Strickland Road Memorialized as a Historic District
By Richard Kaufman
Under bright blue skies and warm sunshine on Monday afternoon, elected officials, historic preservationists and Greenwich residents gathered for the dedication of the Strickland Road Historic District Marker, located in the grassy area by Mill Pond, between Putnam Avenue and Laughlin Road, in Cos Cob.
The marker is sponsored by the Greenwich Preservation Network of the Greenwich Historical Society, Charles Hilton Architects, who designed the sign, and Cornerstone Contracting, who helped with the installation.
This is the sixth historic district sign created as part of a preservation initiative by the Greenwich Preservation Network, which was formed in 2015 and aims to educate and provide information to Greenwich residents and business owners regarding the value in preserving significant architectural and historic structures and streetscapes.
Davidde Strackbein, chairwoman of the Board of Trustees for the Greenwich Historical Society, thanked those in attendance for their hard work in helping with the initiative, and said the markers serve as a “form of preservation and identification throughout the town of Greenwich.”
The Greenwich Preservation Network is comprised of representatives from various organizations in town, such as the Greenwich Land Trust, Tree Conservancy, Historic District Commission, Architectural Review Committee and realtors, who are all interested in preservation.
Diane Fox, chairwoman of the Network, said the signs are placed in areas where pedestrians can notice them and stop to learn about town history.
“What we’re trying to do is put it in your face as you walk,” Fox said.
Fox also pointed out that living in an historic district doesn’t diminish or depress property value, or restrict homeowners.
“Historic districts don’t stop people from painting their house,” Fox said. “The idea is not to stop development [in these areas]; it’s to do it with the right choices in trying to preserve those buildings.”
The Strickland Road Historic District was the first ever created in the town of Greenwich when the Representative Town Meeting passed a resolution, in December of 1975. In 1990, the district was listed on the National Register.
The district encompasses the area historically known as the Lower Landing, formerly a maritime center which eventually became home of the Cos Cob art colony. It’s also home to the town’s only National Historic Landmark in the Bush-Holley House.
According to Debra Mecky, Executive Director and CEO of the Greenwich Historical Society, Strickland Road was a vital artery for farmers, who brought their wagons down to the landing where in order to unload their grains and have them ground at the gristmill, which was operated and constructed by David Bush around 1765.
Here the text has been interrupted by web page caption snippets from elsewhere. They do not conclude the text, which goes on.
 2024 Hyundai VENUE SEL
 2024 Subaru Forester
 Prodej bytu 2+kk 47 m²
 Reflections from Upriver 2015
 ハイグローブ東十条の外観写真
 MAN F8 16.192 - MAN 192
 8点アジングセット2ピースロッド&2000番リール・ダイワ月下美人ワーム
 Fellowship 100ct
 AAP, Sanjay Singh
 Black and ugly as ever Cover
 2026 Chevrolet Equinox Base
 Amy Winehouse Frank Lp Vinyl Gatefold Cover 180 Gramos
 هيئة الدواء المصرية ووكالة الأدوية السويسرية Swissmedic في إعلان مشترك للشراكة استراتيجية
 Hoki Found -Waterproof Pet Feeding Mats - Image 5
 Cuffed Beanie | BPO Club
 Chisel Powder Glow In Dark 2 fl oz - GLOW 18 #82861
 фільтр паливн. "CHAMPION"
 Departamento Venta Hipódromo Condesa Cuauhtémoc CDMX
The area flourished into the 19th century and attracted numerous merchants and tradesmen, but the arrival of the railroad changed everything near the turn of the century.
“It’s really the train that really transformed this area from being a commercial area to a residential area, because it became much more attractive for people to live and vacation here,” Mecky said. “There was no longer a need to be coming always by ship. The train now could bring merchandise and people to the town.”
The district also features well-preserved Colonial and Victorian houses, early 20th century craftsman-style bungalows and a group of post-World War II homes, on Mill Pond Court.
“It’s a wonderful history of architecture as you walk down Strickland Road, and you see the changes over time from the 1730’s to about the 1940’s,” Mecky said. “We’re delighted that [the area] is protected. For those of us who live here, we love it. It’s just a wonderful community and walk from the Post Road down to the Landing.”
The Greenwich Preservation Network of the Greenwich Historical Society hopes to install a sign on Greenwich Avenue next, with Stanwich Road and Round Hill Road slated for the future.